NASA building demo quiet supersonic airplane by 2022

NASA is proposing to spend $390 million over five years to build a demo quiet supersonic plane and test it over populated areas.

NASA plans to share the technology resulting from the tests with U.S. plane makers, meaning a head start for the likes of Lockheed Martin, General Dynamics, Boeing, and startups such as Boom Technology and billionaire Robert Bass’s Aerion.

Lockheed helped create NASA’s design, using fluid dynamics modeling made possible in the past decade or so by increasingly powerful computers. Together, Lockheed and NASA tested and mapped how subtle differences in aircraft shapes affect the supersonic shock waves they create. The design they’ve settled on keeps sound waves from merging into the sharp N pattern of a sonic boom, according to Peter Iosifidis, Lockheed’s design program manager on June’s small-scale model.
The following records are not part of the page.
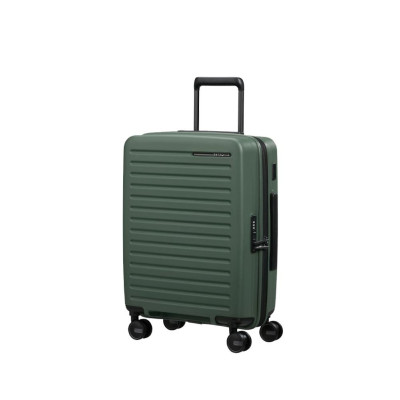 Trolley Rigido Cabina Restackd Samsonite Sage  Valigeria.it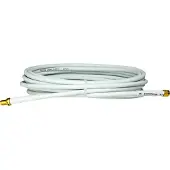 Televes Kabel, SM-2, SMA hona-SMA hane, 2 meter RG-58 Vit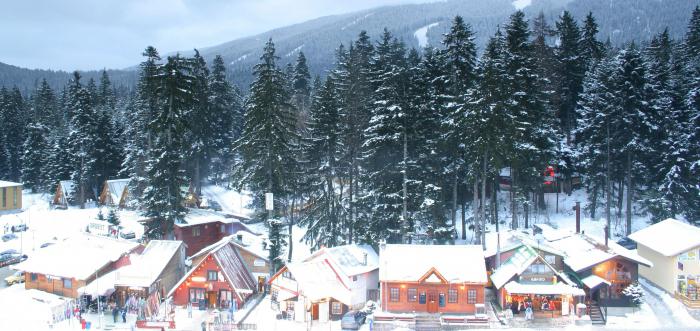 Bulharsko Lyžařské středisko Borovets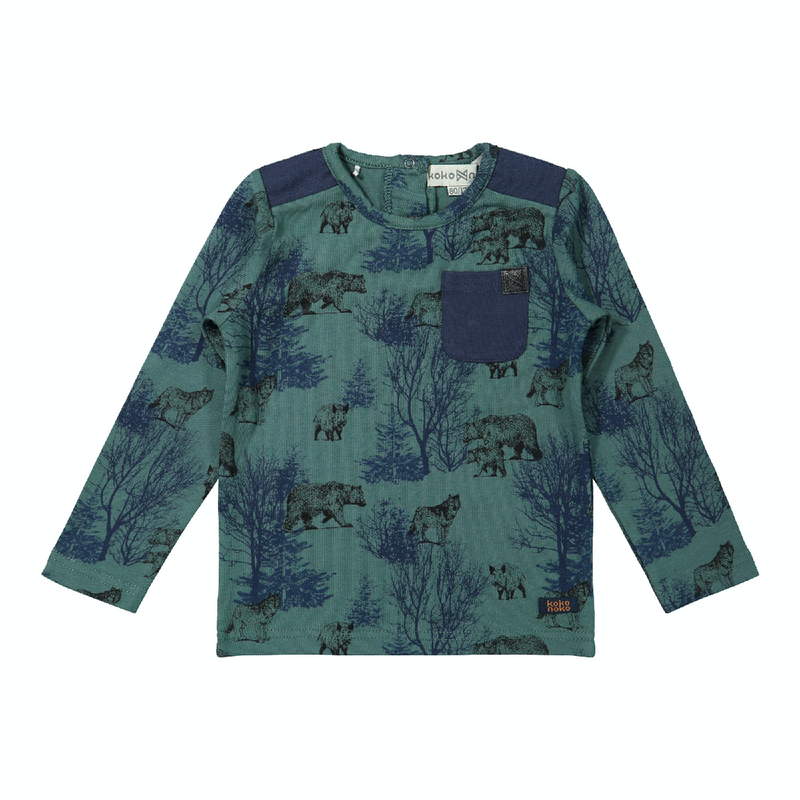 Koko Noko Boys T-shirt longsleeve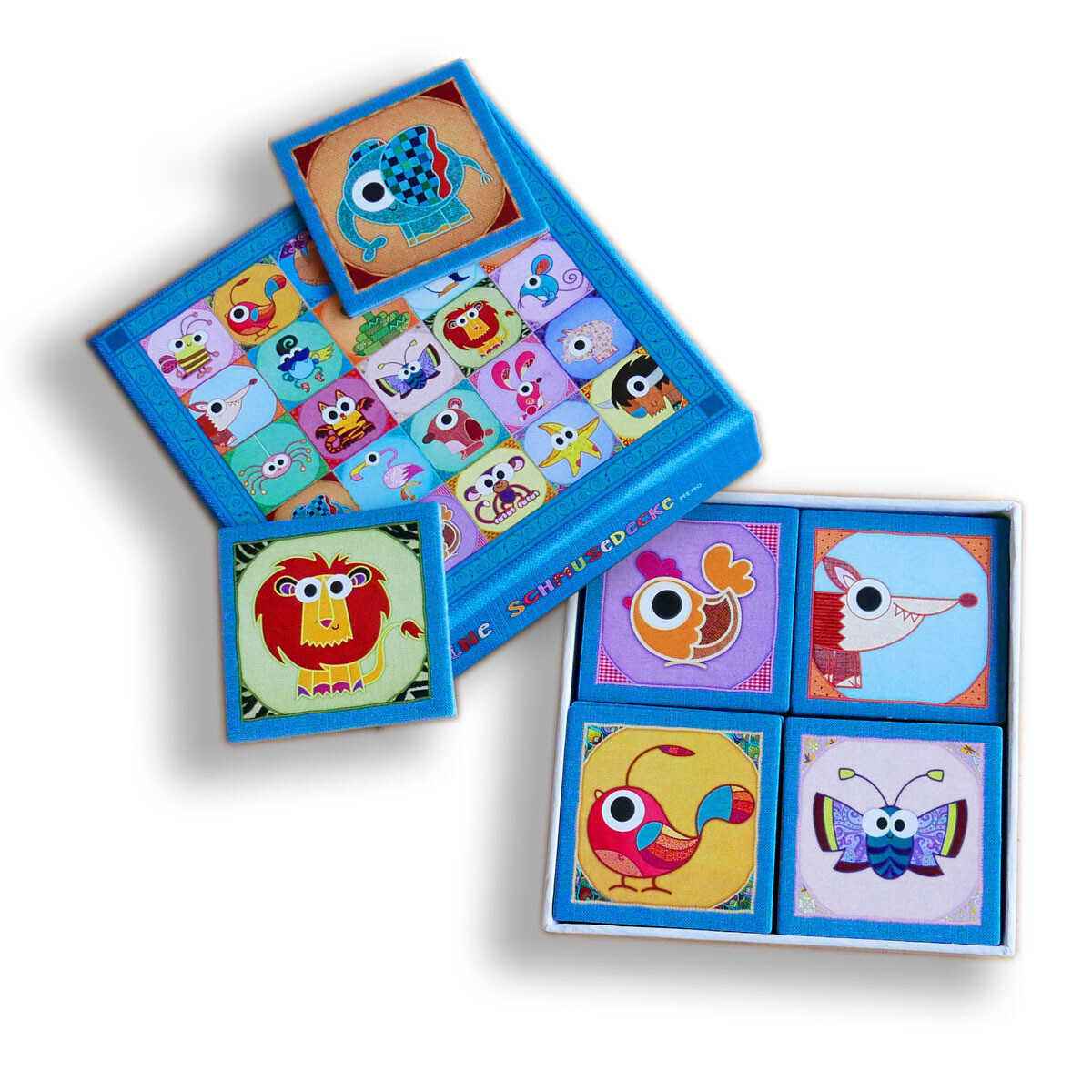 Patchwork Pals Pairs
Instead, the waves are kept dispersed across a wide range of points behind the plane, leaving the resulting supersonics a mere hum.

NASA is targeting a sound level of 60 to 65 A-weighted decibels (dBa), Coen says. That’s about as loud as that luxury car on the highway or the background conversation in a busy restaurant. Iosifidis says that Lockheed’s research shows the design can maintain that sound level at commercial size and his team’s planned demo will be 94 feet long, have room for one pilot, fly as high as 55,000 feet, and run on one of the twin General Electric Co. engines that power Boeing Co.’s F/A-18 fighter jet.

The Concorde had 90 dBa (about 1000 times louder).